Data excerpts:
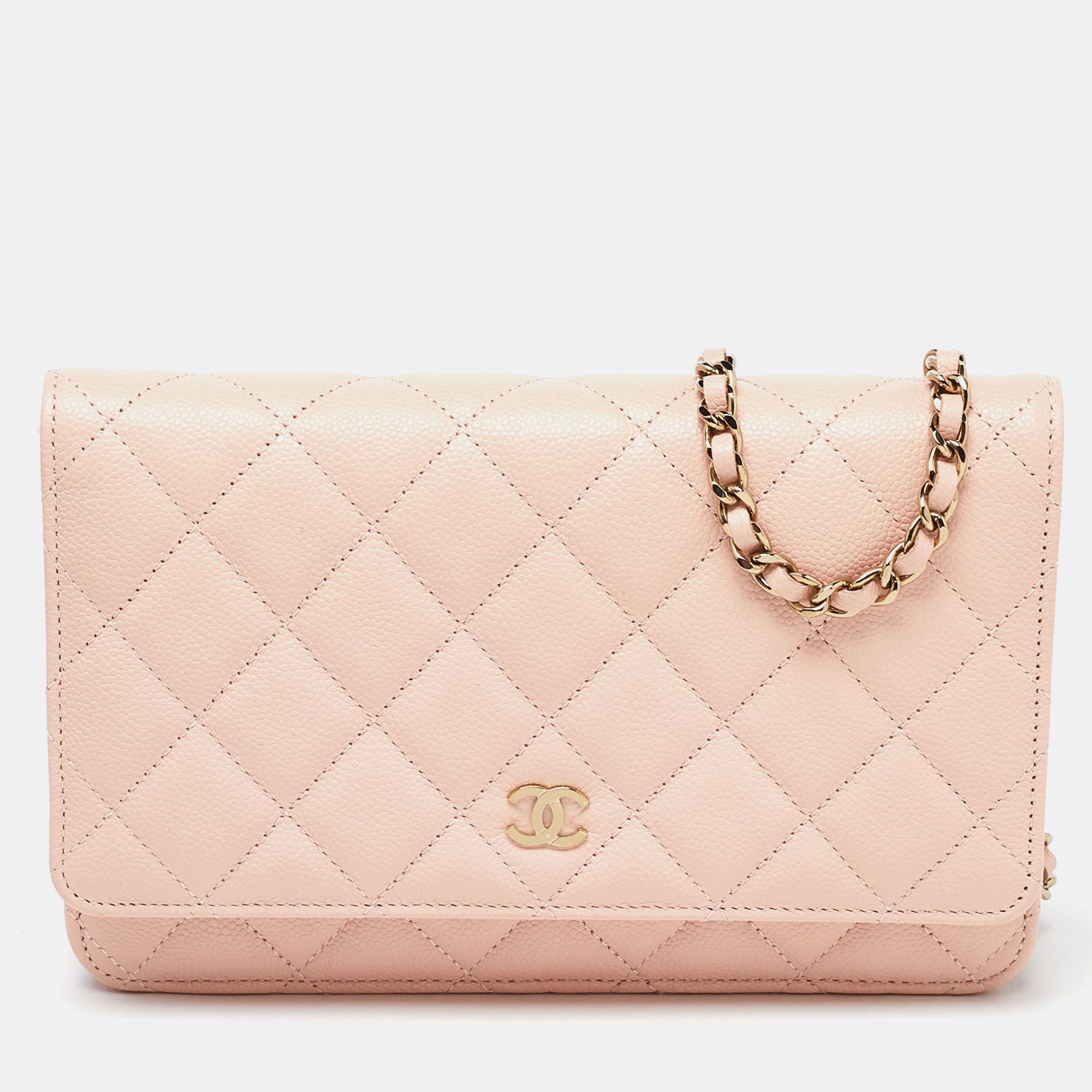 Chanel peach quilted caviar leather cc flap wallet on chain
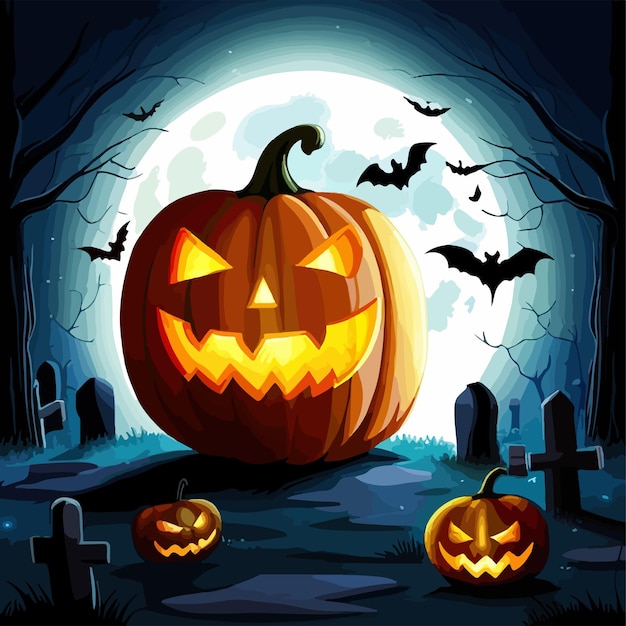 Halloween begraafplaats scène met pompoenen spookachtige nachtmerrie halloween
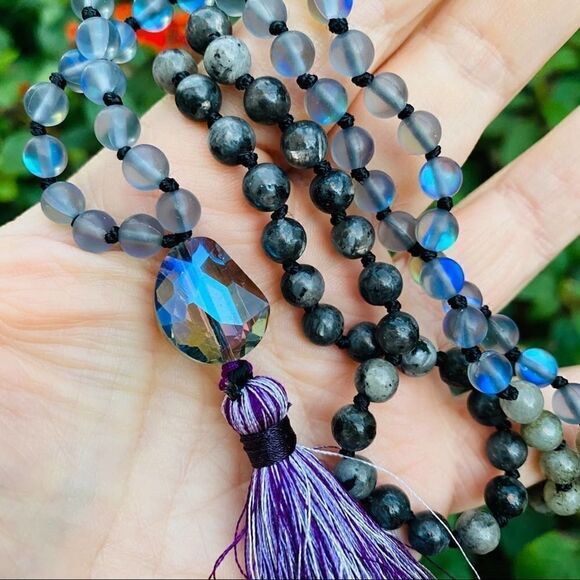 Spiritual Mystery Gemstone Mala Necklace Labradorite and Mermaid Glass - Picture 4 of 6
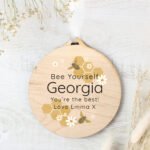 Personalised Any Message Bee Design Round Wooden Decoration - Image 6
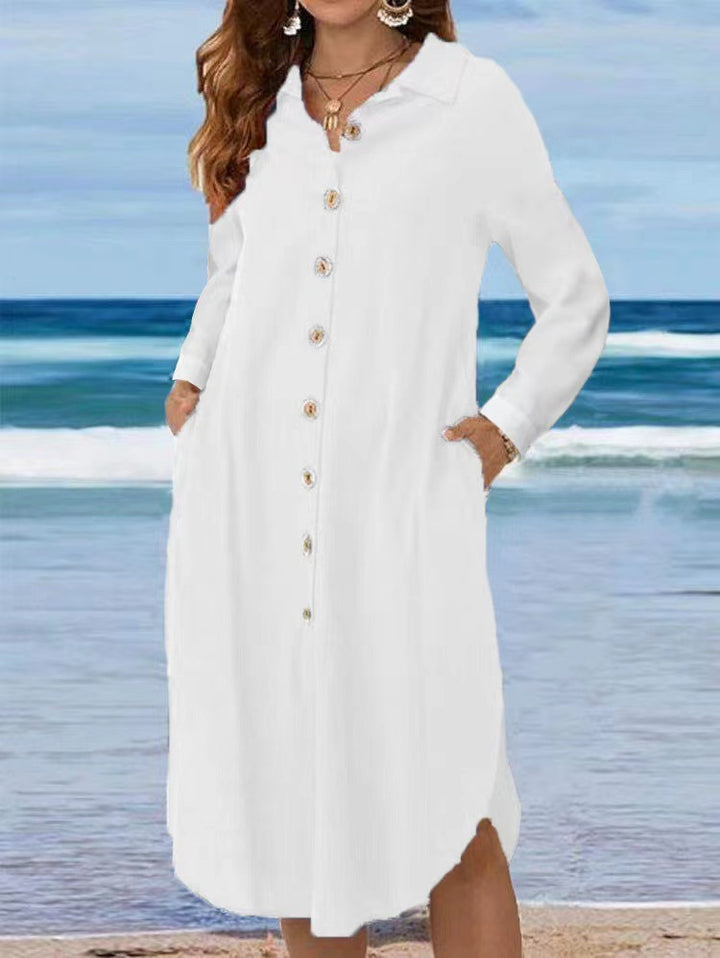 Damen Hemdblusenkleid mit Knopfdetail und schwingendem Saum Drune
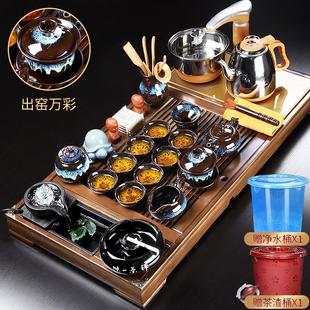家用整套全自动烧水壶一体茶盘实木办公室功夫流水泡茶台 茶具套装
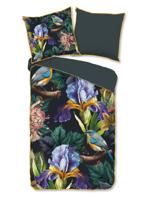 Descanso Dekbedovertrek "bloemen en vogels" - Antraciet - (155x220 cm) - Katoen Satijn
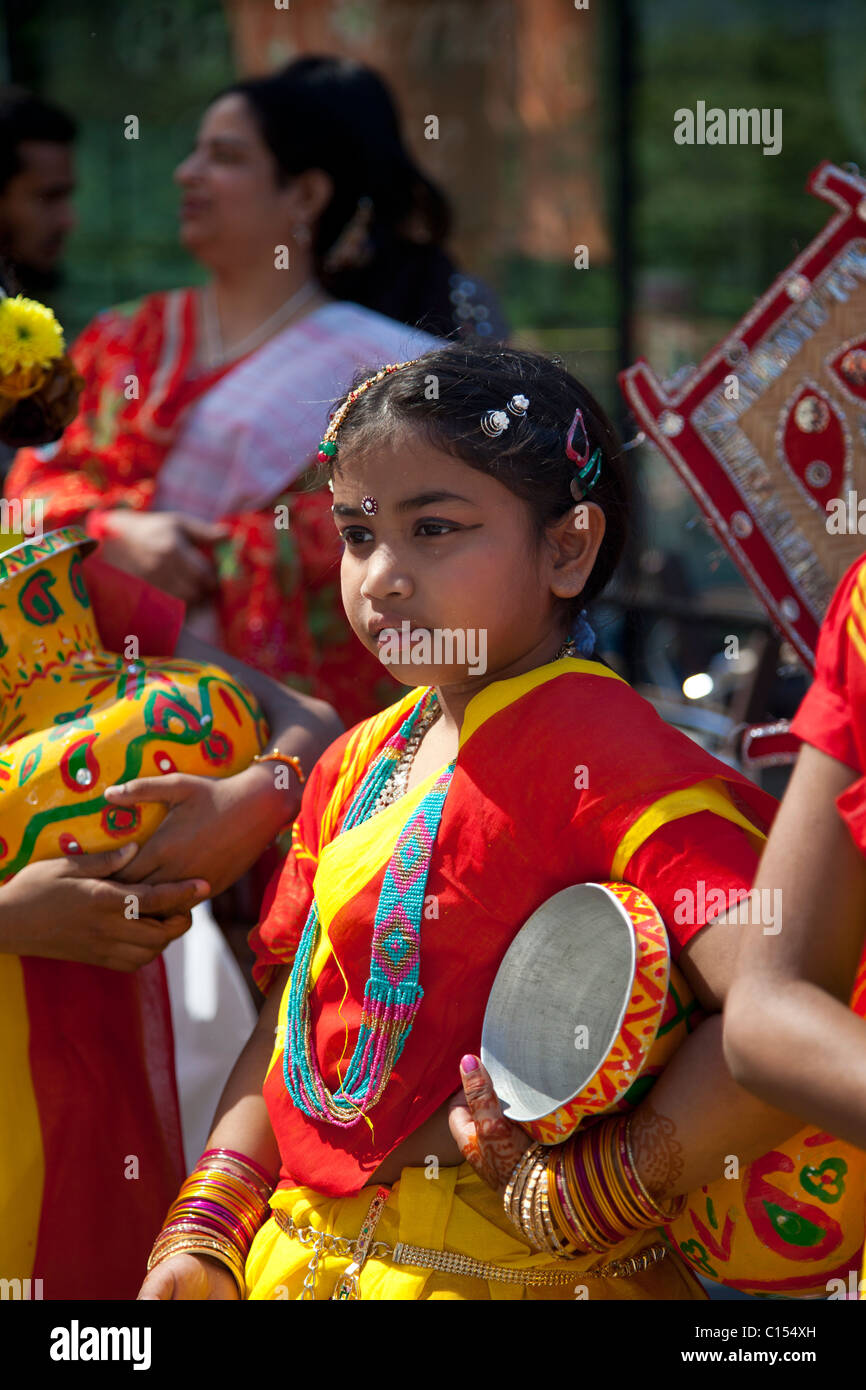 Girl dancer in Baishakhi Mela Bangla festival in London's Brick Lane. Stock Photo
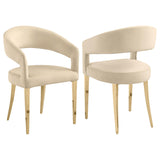 Galiano Velvet Upholstered Dining Arm Chair Cream (Set of 2) from Coaster - Luna Furniture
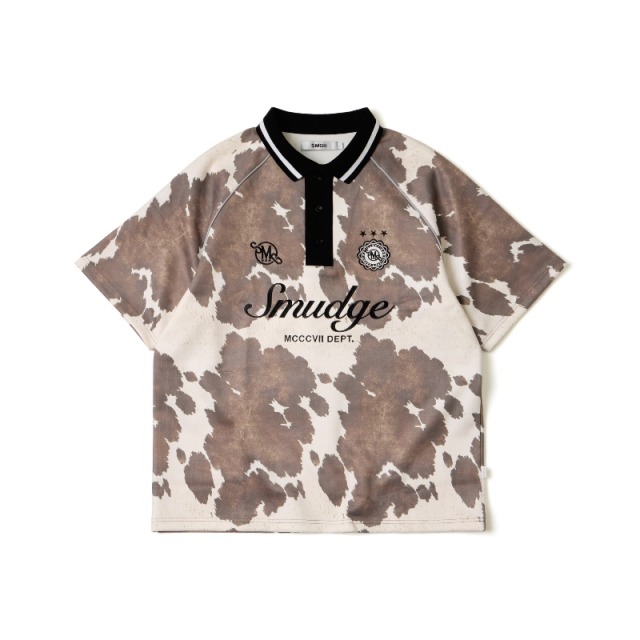 MCCCVII Cowhide Patterned Sport Polo Shirt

* _ASSIGNMENT_: Transcribe exactly the span of lines from the line holding "Girl dancer in" through the last line above, both included. Pictures stay out.

* _EXERCISE SOLUTION_:
 Girl dancer in Baishakhi Mela Bangla festival in London's Brick Lane. Stock Photo
 Galiano Velvet Upholstered Dining Arm Chair Cream (Set of 2) from Coaster - Luna Furniture
 MCCCVII Cowhide Patterned Sport Polo Shirt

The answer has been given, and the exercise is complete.